District Court in Eugene.
It's salmon redux: This time
the case is about Chinook instead of coho, fish on the Klamath River in
California instead of the Alsea River in Oregon. But the central argument is the
same: The federal government didn't count hatchery fish along with naturally
spawning fish when it set 2005 salmon seasons.
"While the ocean is teeming with salmon, the government is telling these
people they can't fish," Russ Brooks, PLF attorney, said Friday.
Trollers association president Rayburn "Punch" Guerin said he sees the
fish when he's on the ocean and said he knows there are more Chinook, just out
of reach.
"We've just had a bellyful of this stuff," Guerin said Thursday aboard
his boat, the F/V Frankie, in Charleston. "The federal entities managing
that system think they're above the law."
It's a complex situation, with overlapping issues much like the scales on a
Chinook.
"I don't know what can be done about it," Don Stevens, chairman of the
salmon advisory panel for the Pacific Fishery Management Council, said Friday.
"We need more water and I don't know if we can get it from the Klamath
farmers or not. (The water) has been over-allocated for many, many years."
Guerin peeks out from below the brim of his Oregon Trollers Association cap and
looks around at the other trollers in the boat basin. He can recite from memory
most of the history surrounding salmon issues on the South Coast. He's fished,
he's argued; now he's just plain frustrated.
"There are so many areas where the government is trying to micromanage our
lives. People can't work," Guerin said Thursday.
Fishery managers closed much of the salmon season this year to southern Oregon
and northern California fishermen to allow more fish to return to the Klamath
River to spawn. The problem, managers said, is that there may be too few fish
returning to ensure Chinook repopulation on the Klamath River system.
But, the trollers argue, the managers don't count the hatchery fish, those that
are spawned and raised in captivity before being released to the wild to grow.

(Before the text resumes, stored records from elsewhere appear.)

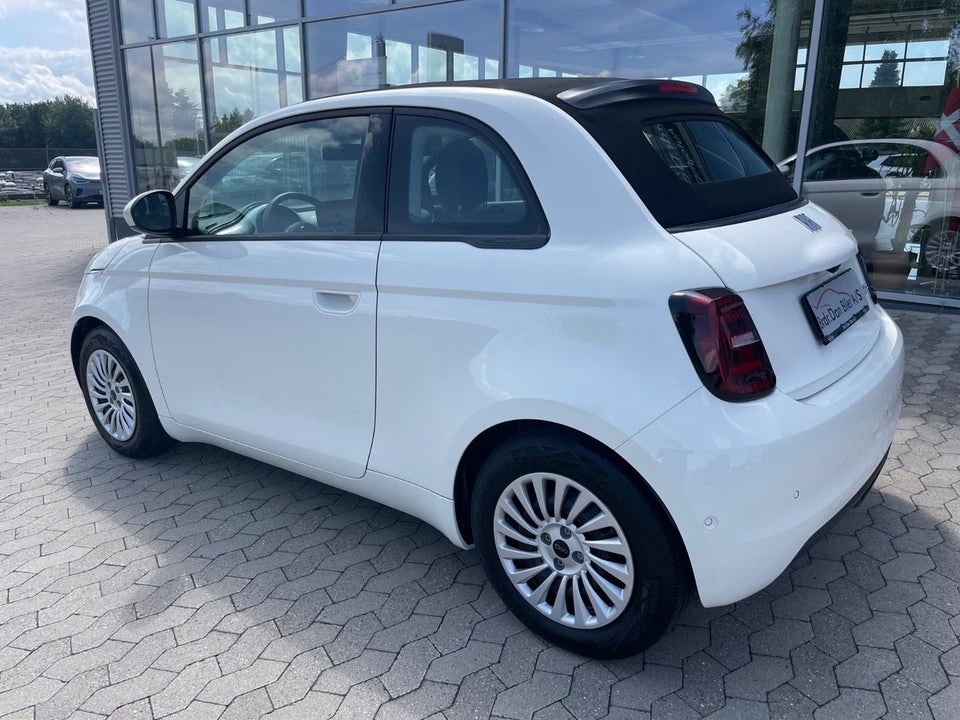 Fiat 500e 42 Icon Pack Cabrio 2d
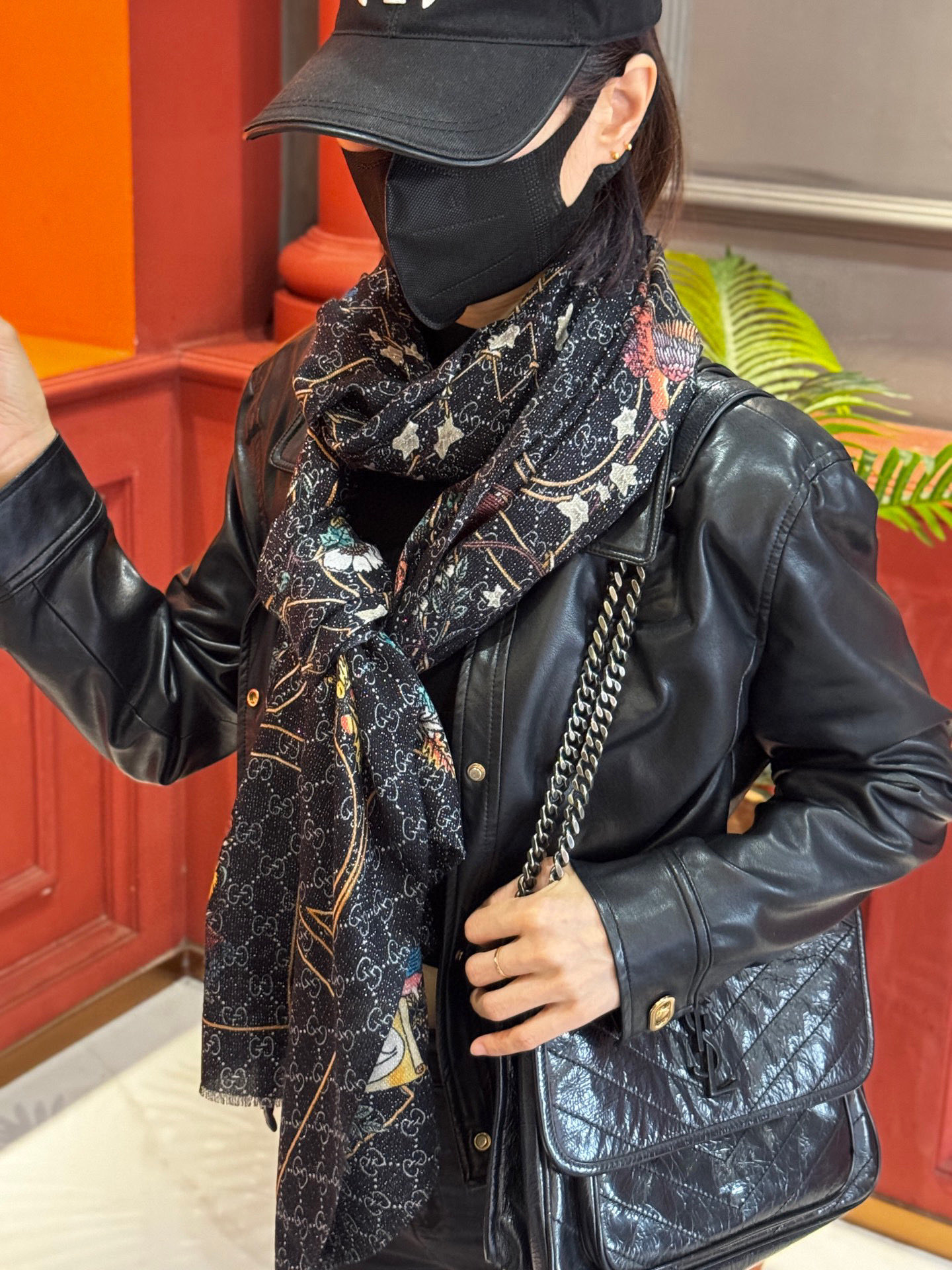 会发光发亮的围巾羊绒新款 🆕🆕🌈💫速度‼️下手一定要快‼️G家新款【GG字母花卉长巾】，高端 大爱 货极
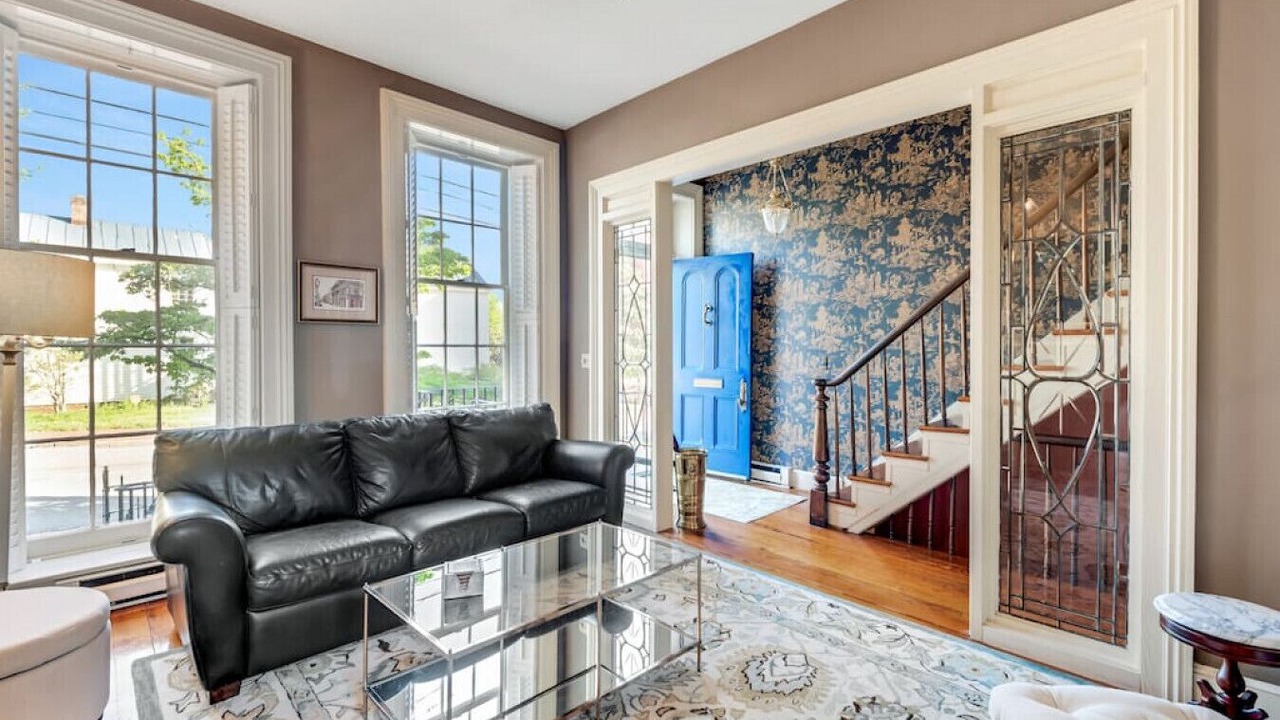 Photo of Livingroom in Petersburg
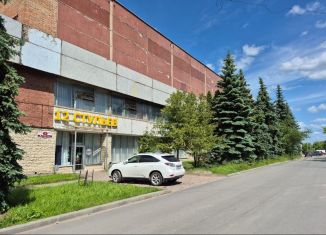 Сдам помещение свободного назначения, 1000 м2, Псков, улица Максима Горького, 1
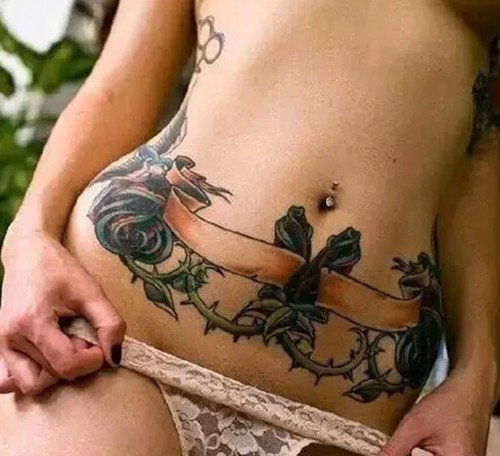 用纹身来点缀你性感迷人的小蛮腰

They consider only the natural spawning fish, the trollers and the attorneys
say.
While most rivers in Washington, Oregon and California are experiencing
adequate, if not strong, returns of fish, the Klamath is a weak spot on the
coast. Good ocean conditions are helping most salmon populations, but the
in-river situation on the Klamath cannot be overcome strictly by a productive
ocean, critics argue.
Even if the trollers win the lawsuit, Stevens said, it's unlikely things will
change for this year or maybe even next year. Any change to ocean salmon
management has to be done through the process of passing an amendment to the
fishery plan.
However, other things could have been done, Guerin said, to prevent the fish
kills a few years ago that are causing the current restrictions.
Many of the Chinook suffered from parasites in some sections of the Klamath and
Trinity rivers in recent years and those fish could have been trucked downriver
to colder water, Guerin said. The managers don't consider the stray factor,
either, he said, noting that some fish from other rivers will return to the
Klamath instead of their own. Mother Nature will ensure enough fish return to
the Klamath system to allow the salmon population to survive, he said.

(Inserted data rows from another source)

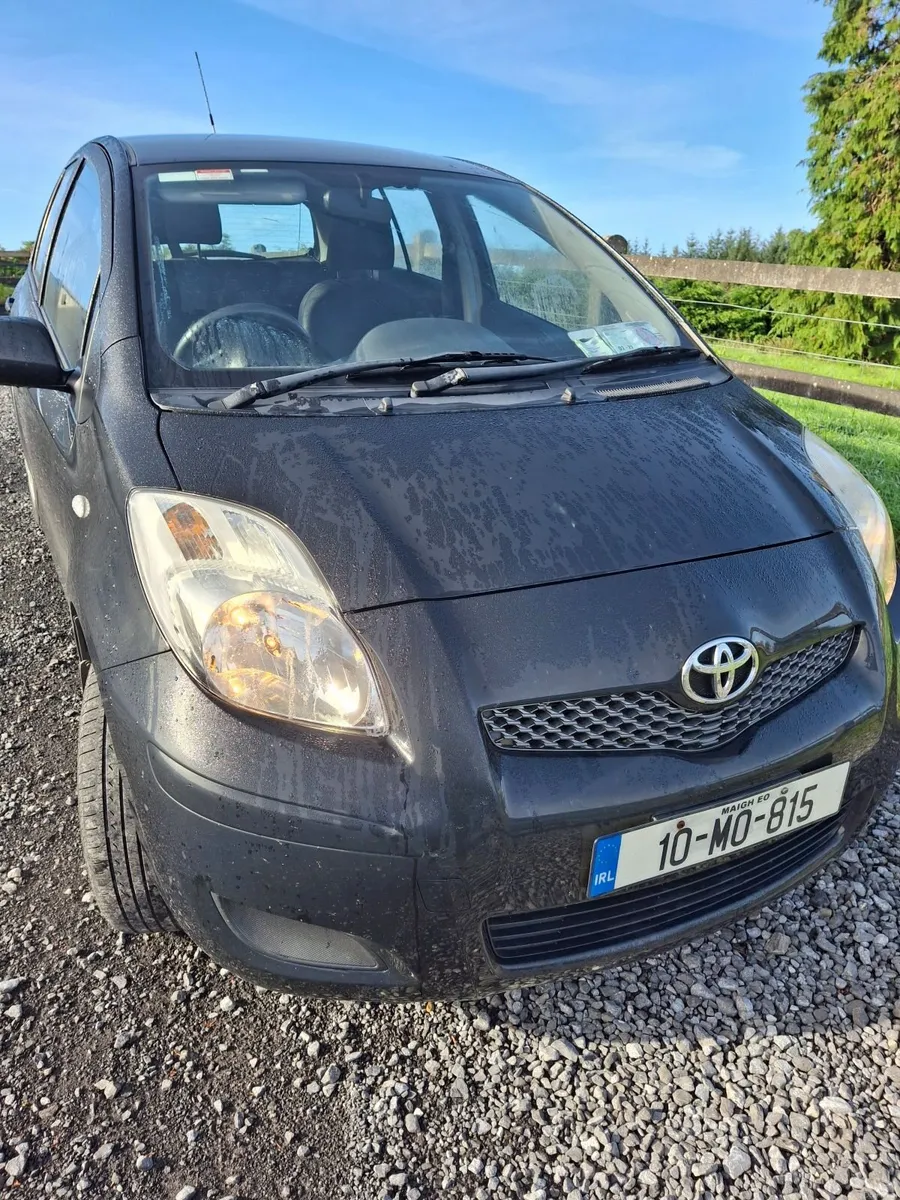 Toyota Yaris 2010 - Image 6
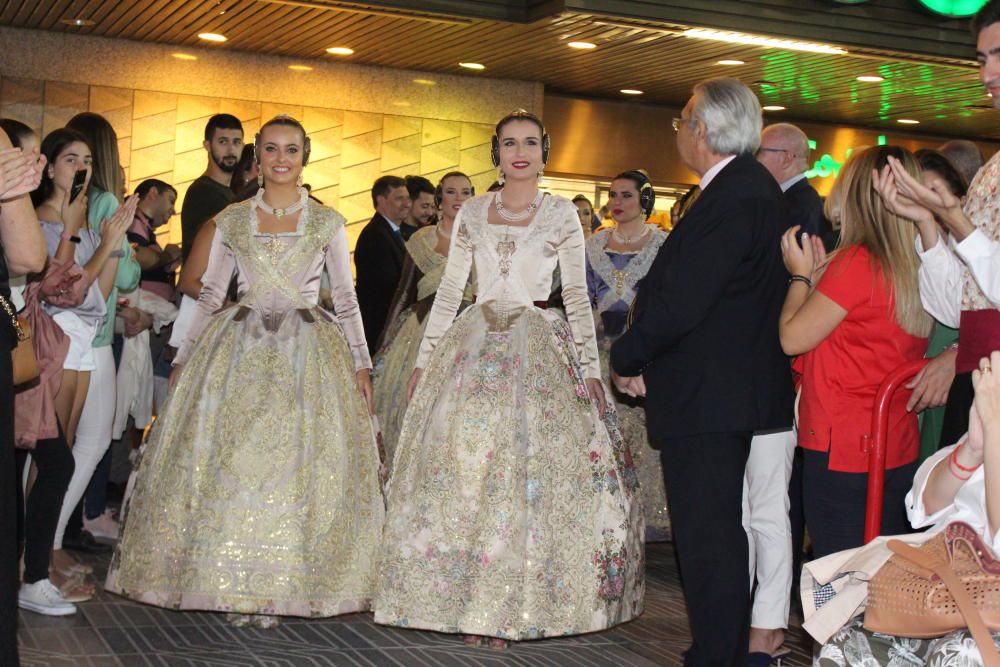 Estreno de las falleras mayores y cortes 2020 en Una Festa per a Tots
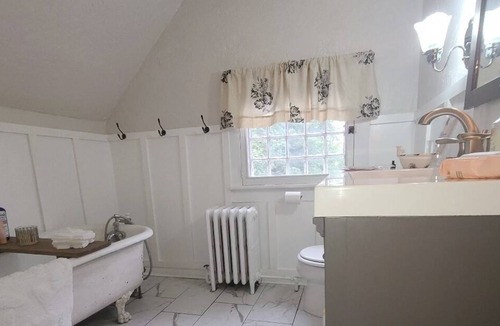 Bellefonte Apartment | Perfect 3rd floor apartment for your next Penn State needs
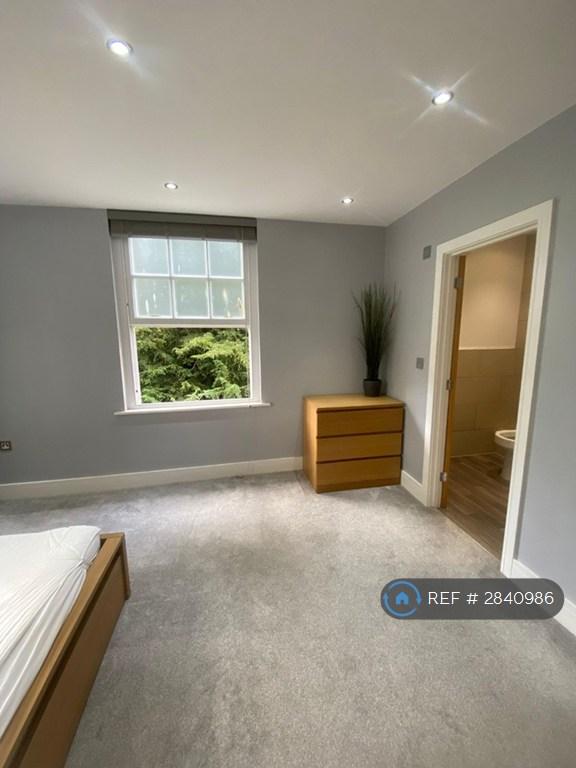 Double Room w/ Ensuite 2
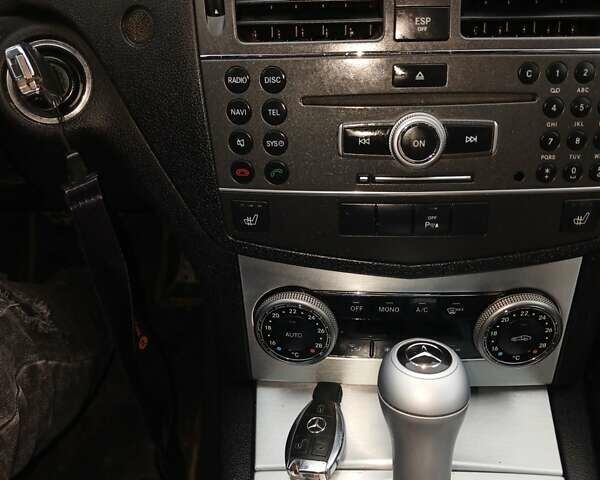 Сірий Мерседес Ц-Клас, об'ємом двигуна 2.99 л та пробігом 248 тис. км за 6700 $, фото 16 на Automoto.ua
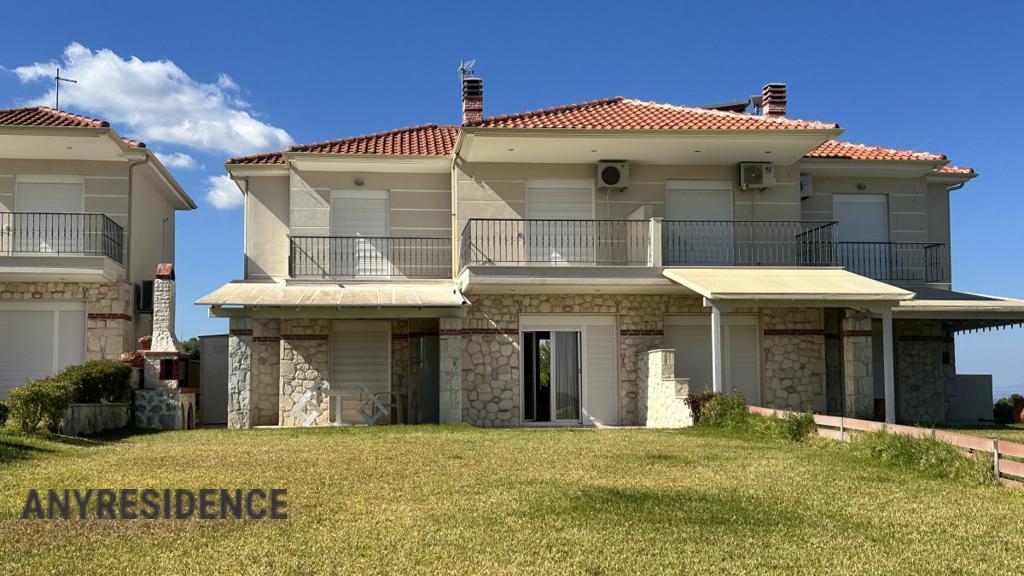 Townhome in Polychrono, photo #2, listing #2553854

But can managers depend on that? Does the introduction of human changes to the
river system play any part in the complex association between fish and habitat?

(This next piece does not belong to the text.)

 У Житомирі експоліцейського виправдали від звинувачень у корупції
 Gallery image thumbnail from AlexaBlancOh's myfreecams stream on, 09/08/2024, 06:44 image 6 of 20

That's the root of the problem, said Glen Spain, northwest regional director of
the Pacific Coast Federation of Fishermen's Associations.
The Klamath River system water is grossly overappropriated, to farmers, to
fishermen, to refuges, and more. Water diverted from the river and its
tributaries often results in low water levels and warmer water that stresses the
fish.
Only more water in the river can change the situation of dying fish in the
spring and fall, Spain said Friday.
"If PLF really wants to help fishermen, they should help us fight for more
water so more fish survive in the Klamath, not oppose that as they have in other
cases," Spain said. "They're doing fishermen no good in the long run
if they oppose putting enough water in the river."
The Associated Press contributed to this report.